● **Material to process**:
Start of Block

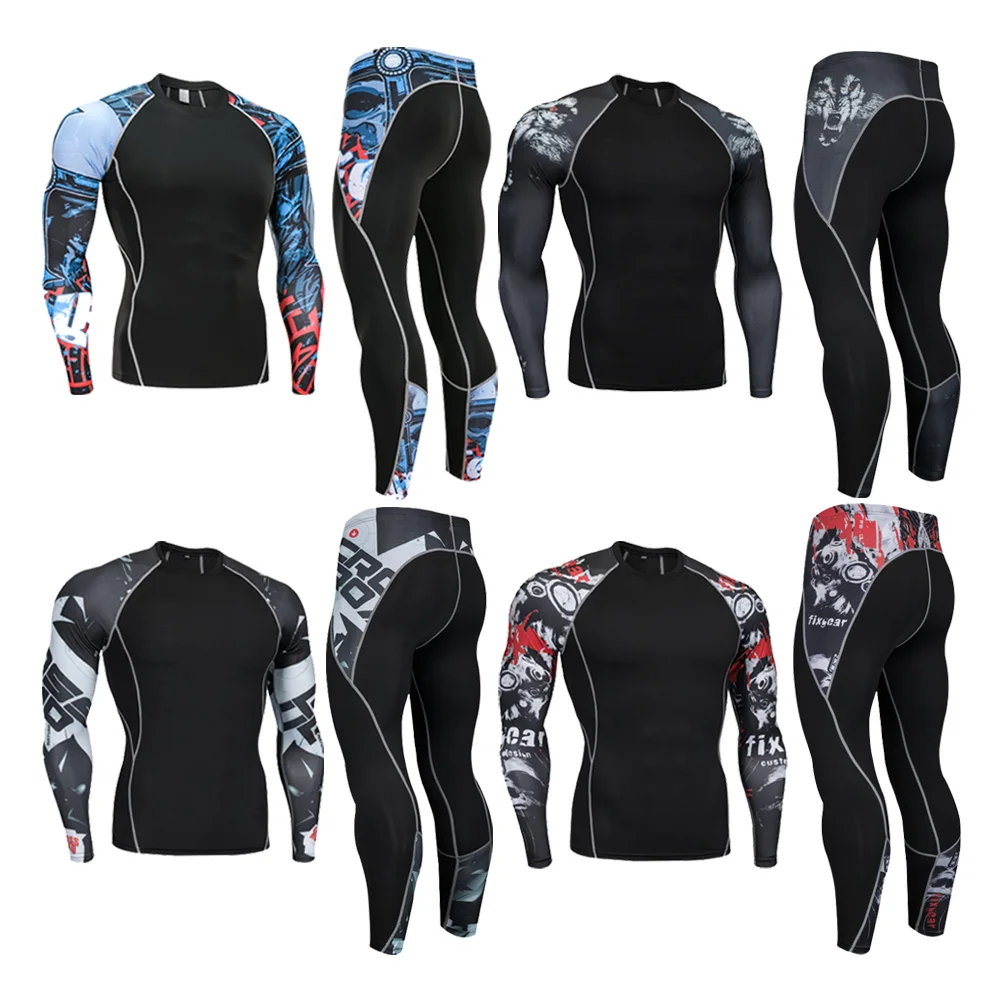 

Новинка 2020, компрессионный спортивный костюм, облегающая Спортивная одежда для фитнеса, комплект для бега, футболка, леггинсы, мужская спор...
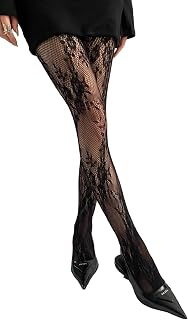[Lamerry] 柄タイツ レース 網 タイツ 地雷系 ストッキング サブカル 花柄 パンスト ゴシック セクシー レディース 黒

End of Block
Start of Block

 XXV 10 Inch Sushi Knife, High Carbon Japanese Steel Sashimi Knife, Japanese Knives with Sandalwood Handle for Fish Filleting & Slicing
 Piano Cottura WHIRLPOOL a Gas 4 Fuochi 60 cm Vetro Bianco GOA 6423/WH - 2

End of Block

● **Exercise**: Starting at the line containing "Новинка 2020, компрессионный" and stopping at the line containing "[Lamerry] 柄タイツ レース", output every line above exactly, both ends included, with pictures omitted.

● **Answer area**:
Новинка 2020, компрессионный спортивный костюм, облегающая Спортивная одежда для фитнеса, комплект для бега, футболка, леггинсы, мужская спор...
[Lamerry] 柄タイツ レース 網 タイツ 地雷系 ストッキング サブカル 花柄 パンスト ゴシック セクシー レディース 黒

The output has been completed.